--- Aim of the exercise ---
Copy nothing but the lines running from the one containing "Amsterdam 7 april 2002" through the end of the listing below. Drop the pictures.

--- Given information ---
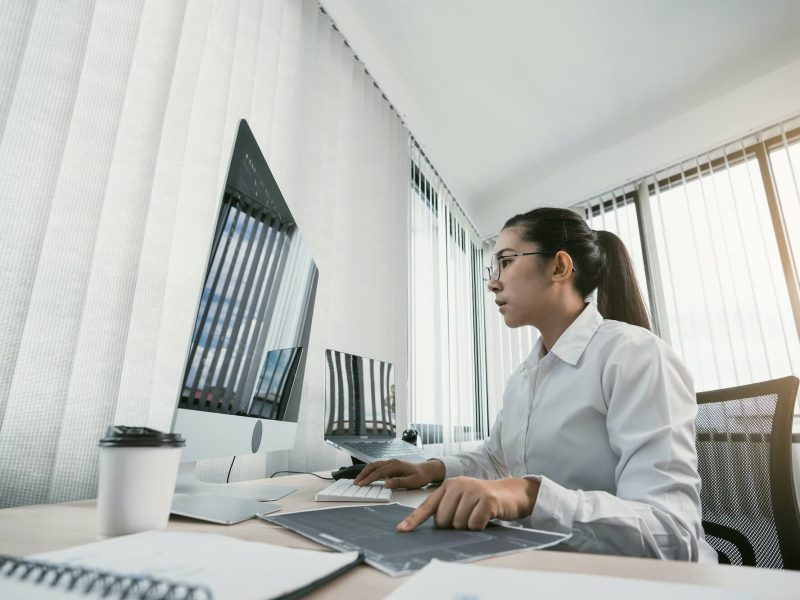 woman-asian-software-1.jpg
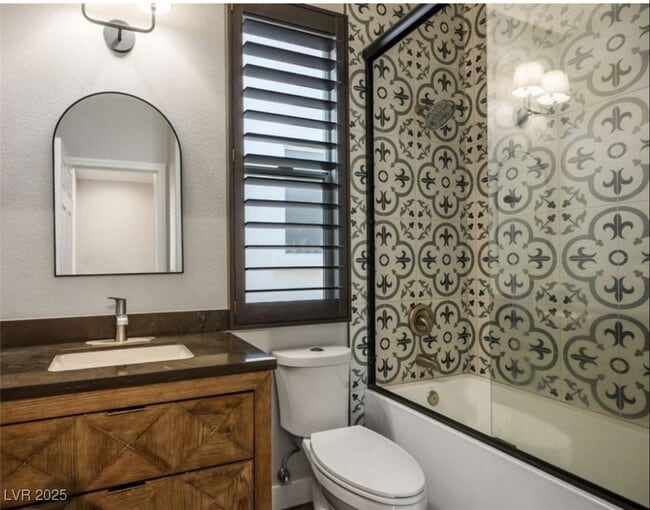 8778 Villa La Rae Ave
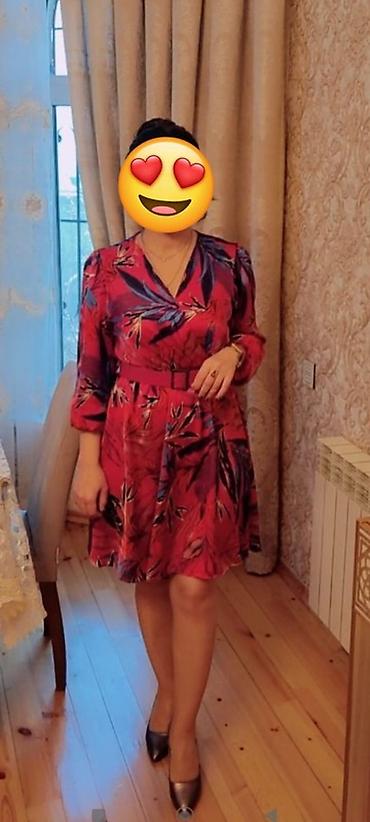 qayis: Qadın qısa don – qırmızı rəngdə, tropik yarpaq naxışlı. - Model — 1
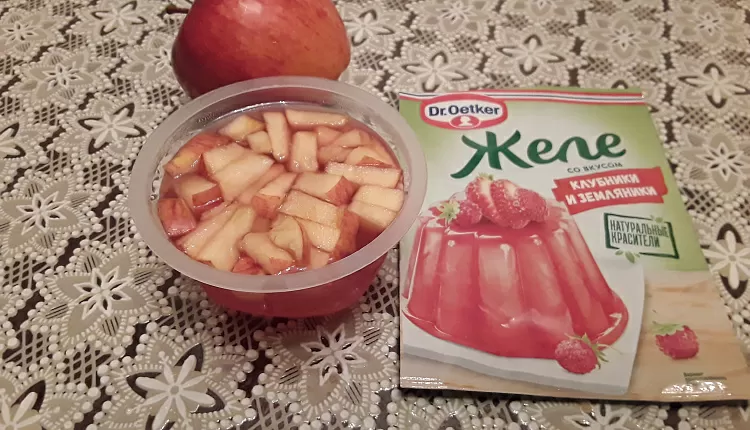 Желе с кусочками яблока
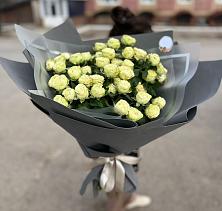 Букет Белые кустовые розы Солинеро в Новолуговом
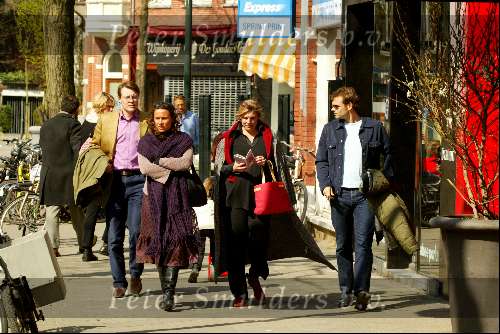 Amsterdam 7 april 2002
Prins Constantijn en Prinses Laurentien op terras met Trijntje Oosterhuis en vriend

--- Finished task ---
 Amsterdam 7 april 2002
Prins Constantijn en Prinses Laurentien op terras met Trijntje Oosterhuis en vriend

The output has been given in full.